Ma, il rilancio della cinema nostrano passa davvero per una tassa di scopo e per la nascita di un Centro nazionale per la cinematografia? Su tale strumento insistono gli addetti ai lavori. Tassare i ricchi (ad esempio, le televisioni) per dare ai poveri (il cinema impegnato). Oppure, tassare il biglietto di ingresso per creare un fondo per il cinema. Che i soldi arrivino dalla fiscalità generale, dai profitti dei cugini fortunati o dalle tasche degli spettatori, non dovrebbe fare una gran differenza. Il problema si porrebbe negli stessi termini: chi decide a chi devono andare i soldi raccolti? La nascita di una Agenzia “indipendente”, riuscirà a recidere il legame fra politica e mondo dello spettacolo?
Anche la storia del tax shelter e del tax credit per il cinema dimostra che, alla fine, ci si va sempre a scontrare con quel muro: un muro fatto di commissioni che decidono chi ha o non ha il diritto di beneficiare delle agevolazioni fiscali.
La stessa sorte potrebbe subire la proposta di ridurre l’Iva per il settore. Attualmente al 10 per cento, il cinema potrebbe avere lo stesso trattamento dei libri (Iva al 4 per cento). Se poi si volesse riservare anche al dvd le condizioni di cui gode il libro, si scenderebbe dal 20 al 4 per cento. Le risorse che si libererebbero sarebbero ingenti. Ma un provvedimento del genere potrebbe mai diventare realtà? Se si dovesse superare lo scoglio del parlamento nazionale, ben più arduo sarebbe scavalcare il bastione comunitario. Aggirarlo vorrebbe dire abbassare l’Iva solamente per quelle pellicole che abbiano un particolare valore culturale. Così facendo, si tornerebbe da capo.
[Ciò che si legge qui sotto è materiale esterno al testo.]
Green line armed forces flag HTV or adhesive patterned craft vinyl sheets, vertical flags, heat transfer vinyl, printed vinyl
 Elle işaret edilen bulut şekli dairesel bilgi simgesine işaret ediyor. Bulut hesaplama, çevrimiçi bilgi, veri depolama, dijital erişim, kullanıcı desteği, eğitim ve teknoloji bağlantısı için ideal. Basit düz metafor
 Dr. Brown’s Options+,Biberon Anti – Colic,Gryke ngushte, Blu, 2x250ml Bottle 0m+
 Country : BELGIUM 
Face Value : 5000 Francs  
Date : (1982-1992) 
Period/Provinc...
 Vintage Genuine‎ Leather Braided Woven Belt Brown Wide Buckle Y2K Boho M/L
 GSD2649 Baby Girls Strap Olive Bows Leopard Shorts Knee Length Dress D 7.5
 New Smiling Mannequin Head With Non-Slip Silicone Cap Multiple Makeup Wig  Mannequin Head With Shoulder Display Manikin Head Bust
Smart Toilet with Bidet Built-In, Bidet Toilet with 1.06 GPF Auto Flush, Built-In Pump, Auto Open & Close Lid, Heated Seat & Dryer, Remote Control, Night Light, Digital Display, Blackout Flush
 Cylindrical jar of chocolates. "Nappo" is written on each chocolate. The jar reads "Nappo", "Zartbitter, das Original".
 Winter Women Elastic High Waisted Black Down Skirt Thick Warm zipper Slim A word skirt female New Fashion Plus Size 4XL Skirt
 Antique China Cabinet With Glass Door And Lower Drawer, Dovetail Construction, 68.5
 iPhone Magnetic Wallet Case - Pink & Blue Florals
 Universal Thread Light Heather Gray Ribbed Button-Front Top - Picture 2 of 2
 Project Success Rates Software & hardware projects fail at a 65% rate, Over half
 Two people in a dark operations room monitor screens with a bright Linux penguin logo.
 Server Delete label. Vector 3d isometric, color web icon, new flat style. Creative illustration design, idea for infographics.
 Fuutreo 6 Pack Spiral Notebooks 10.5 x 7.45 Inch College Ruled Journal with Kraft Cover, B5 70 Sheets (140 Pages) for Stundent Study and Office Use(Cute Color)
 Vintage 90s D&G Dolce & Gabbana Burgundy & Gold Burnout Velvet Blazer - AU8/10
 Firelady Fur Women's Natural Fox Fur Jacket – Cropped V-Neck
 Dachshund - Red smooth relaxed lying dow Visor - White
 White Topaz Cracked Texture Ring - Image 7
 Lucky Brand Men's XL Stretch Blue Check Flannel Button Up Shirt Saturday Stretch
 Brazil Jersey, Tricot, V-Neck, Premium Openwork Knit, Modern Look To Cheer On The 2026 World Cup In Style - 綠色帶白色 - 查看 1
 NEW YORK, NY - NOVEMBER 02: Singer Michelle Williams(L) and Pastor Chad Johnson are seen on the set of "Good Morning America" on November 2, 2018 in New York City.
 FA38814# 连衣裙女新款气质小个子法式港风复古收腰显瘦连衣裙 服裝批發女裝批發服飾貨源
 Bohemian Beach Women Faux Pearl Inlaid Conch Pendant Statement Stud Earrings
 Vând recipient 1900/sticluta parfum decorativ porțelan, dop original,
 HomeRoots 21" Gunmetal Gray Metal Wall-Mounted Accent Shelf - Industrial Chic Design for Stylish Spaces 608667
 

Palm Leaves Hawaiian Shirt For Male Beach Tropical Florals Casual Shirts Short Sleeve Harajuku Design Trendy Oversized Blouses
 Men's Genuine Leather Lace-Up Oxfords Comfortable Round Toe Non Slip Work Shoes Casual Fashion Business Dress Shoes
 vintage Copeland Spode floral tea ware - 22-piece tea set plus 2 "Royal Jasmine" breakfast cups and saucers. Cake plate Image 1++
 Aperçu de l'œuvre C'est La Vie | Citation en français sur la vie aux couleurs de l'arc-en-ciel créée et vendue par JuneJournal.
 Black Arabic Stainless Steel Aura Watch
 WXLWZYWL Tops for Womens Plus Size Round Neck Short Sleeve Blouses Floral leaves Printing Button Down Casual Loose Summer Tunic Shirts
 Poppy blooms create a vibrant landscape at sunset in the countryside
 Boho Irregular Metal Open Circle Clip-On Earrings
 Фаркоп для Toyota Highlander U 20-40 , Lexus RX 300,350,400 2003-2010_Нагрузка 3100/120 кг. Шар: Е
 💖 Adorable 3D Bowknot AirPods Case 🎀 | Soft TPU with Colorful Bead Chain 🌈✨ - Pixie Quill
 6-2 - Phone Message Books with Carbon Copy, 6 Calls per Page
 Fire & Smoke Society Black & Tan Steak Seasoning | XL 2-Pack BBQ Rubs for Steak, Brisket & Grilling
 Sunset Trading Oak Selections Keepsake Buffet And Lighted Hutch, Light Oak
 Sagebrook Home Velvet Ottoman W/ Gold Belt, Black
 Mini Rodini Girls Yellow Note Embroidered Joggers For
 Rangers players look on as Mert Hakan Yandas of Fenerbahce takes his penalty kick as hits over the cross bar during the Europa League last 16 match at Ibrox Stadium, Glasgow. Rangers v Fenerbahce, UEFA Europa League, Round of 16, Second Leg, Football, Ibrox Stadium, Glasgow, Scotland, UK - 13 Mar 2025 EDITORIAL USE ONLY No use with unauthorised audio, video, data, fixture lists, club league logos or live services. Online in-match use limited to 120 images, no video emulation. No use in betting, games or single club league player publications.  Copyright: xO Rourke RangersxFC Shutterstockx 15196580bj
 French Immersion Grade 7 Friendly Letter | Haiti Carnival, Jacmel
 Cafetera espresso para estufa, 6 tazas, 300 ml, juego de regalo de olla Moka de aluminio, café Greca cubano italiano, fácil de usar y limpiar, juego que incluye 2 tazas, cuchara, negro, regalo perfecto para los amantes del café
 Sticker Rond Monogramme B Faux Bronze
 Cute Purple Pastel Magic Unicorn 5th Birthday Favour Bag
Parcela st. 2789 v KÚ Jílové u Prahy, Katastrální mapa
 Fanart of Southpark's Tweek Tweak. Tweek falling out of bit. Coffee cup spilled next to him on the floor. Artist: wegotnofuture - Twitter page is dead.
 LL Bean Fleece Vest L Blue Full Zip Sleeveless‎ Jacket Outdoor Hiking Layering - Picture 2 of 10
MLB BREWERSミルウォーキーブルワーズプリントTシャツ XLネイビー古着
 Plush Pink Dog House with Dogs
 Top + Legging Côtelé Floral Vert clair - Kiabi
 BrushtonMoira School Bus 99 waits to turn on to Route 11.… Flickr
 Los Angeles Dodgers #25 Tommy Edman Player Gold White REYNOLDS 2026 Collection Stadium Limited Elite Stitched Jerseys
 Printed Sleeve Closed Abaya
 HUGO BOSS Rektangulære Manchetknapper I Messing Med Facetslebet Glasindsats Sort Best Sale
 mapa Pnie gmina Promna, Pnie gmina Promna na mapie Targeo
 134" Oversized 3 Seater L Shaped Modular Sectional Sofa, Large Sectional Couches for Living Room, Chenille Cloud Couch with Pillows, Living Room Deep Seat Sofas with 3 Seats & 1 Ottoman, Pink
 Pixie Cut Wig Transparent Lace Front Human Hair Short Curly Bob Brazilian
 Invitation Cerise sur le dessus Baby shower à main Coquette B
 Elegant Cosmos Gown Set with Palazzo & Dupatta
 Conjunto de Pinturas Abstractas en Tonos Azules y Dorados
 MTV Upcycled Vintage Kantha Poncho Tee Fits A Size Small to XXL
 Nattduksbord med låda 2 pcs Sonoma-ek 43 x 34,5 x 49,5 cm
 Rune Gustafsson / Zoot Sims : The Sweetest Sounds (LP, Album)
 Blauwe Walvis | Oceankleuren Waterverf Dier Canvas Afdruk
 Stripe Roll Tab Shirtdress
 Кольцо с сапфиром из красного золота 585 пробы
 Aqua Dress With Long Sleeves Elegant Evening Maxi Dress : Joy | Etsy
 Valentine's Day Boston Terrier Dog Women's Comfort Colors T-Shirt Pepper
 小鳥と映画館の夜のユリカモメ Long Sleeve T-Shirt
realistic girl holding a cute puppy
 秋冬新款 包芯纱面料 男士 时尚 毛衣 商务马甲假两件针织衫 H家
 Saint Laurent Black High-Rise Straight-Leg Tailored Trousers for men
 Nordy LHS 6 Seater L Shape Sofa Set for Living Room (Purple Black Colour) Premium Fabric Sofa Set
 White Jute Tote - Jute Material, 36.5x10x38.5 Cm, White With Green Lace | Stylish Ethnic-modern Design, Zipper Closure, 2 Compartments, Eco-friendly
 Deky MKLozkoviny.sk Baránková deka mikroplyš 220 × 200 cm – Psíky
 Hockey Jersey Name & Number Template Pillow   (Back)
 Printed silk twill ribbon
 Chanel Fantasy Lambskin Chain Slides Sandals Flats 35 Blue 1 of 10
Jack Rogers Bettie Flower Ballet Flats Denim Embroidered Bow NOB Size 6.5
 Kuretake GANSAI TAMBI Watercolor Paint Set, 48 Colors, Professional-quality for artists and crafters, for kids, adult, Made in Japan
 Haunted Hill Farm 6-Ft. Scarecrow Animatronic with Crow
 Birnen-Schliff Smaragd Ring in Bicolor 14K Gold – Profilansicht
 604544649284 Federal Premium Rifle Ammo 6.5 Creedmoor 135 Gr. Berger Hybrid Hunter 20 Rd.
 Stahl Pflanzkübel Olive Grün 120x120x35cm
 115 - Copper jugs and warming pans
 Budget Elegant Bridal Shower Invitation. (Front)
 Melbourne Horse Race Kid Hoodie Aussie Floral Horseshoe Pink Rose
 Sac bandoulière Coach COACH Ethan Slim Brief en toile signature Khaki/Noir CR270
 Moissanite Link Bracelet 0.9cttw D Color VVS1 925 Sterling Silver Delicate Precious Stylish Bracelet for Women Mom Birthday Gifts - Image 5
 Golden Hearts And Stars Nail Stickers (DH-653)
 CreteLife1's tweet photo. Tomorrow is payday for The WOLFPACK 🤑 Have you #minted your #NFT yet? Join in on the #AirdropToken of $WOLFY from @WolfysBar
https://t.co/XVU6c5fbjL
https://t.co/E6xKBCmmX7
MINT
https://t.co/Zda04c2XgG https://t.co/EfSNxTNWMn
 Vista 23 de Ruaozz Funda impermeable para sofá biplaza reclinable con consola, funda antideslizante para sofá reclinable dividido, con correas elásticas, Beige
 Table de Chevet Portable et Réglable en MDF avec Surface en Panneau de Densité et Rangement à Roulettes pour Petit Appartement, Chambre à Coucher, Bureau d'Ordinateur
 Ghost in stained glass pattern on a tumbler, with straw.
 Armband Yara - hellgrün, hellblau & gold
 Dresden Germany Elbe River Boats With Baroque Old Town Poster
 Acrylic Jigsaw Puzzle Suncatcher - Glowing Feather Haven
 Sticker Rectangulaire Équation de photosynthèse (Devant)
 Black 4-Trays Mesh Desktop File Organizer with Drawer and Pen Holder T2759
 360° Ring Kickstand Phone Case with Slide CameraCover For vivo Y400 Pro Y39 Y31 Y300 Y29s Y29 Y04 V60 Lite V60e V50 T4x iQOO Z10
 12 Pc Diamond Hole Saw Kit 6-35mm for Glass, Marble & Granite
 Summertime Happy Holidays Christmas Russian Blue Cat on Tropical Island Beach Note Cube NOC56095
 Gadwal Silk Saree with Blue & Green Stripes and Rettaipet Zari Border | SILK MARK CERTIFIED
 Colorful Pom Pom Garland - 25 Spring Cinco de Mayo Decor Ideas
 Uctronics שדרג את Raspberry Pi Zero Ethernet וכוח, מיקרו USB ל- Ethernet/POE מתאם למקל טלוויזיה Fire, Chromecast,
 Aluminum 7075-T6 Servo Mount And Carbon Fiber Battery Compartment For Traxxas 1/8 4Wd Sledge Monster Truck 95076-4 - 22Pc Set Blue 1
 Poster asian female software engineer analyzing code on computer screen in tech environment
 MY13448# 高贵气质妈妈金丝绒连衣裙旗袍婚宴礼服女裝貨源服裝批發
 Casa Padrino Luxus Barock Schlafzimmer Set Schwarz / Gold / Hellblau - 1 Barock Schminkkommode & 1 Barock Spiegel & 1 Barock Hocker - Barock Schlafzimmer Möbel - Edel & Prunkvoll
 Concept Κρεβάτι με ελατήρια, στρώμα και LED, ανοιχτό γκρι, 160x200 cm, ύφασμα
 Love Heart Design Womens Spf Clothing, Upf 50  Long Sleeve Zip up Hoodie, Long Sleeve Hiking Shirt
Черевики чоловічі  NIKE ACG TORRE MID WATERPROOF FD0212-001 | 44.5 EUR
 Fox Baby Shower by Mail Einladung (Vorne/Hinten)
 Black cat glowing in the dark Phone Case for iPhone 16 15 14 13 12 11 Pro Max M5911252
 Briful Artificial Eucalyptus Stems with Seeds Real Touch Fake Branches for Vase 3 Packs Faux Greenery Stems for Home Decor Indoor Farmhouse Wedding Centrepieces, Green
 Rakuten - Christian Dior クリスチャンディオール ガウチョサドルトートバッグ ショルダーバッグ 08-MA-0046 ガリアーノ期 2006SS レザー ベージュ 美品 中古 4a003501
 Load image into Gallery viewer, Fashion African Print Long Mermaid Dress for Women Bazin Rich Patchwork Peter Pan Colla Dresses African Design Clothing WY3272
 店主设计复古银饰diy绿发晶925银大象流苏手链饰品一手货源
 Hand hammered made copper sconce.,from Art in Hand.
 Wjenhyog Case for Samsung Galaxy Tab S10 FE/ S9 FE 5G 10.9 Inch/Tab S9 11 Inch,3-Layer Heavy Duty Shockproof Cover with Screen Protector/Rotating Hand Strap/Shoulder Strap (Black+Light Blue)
Non rimane allora che aspettare di vedere come il ministro Bondi realizzerà il suo progetto di riforma del cinema. Avremo la fine dei contributi pubblici dati da apposite commissioni alle presunte opere di qualità?
L’alternativa è regalare a tutti gli operatori l’autobiografia di Roger Corman (“Come ho fatto cento film a Hollywood senza mai perdere un dollaro”). Potremmo finalmente avere registi di culto che non necessitano dell’aiuto dello Stato. In tal modo, poi, si potrebbe anche sopprimere il Centro sperimentale di cinematografia. La factory di Corman ha visto passare registi del calibro di Martin Scorsese, Francis Ford Coppola, Joe Dante, John Sayles e tanti altri. Il tutto, senza perderci un dollaro e senza gravare sulle spalle dei contribuenti.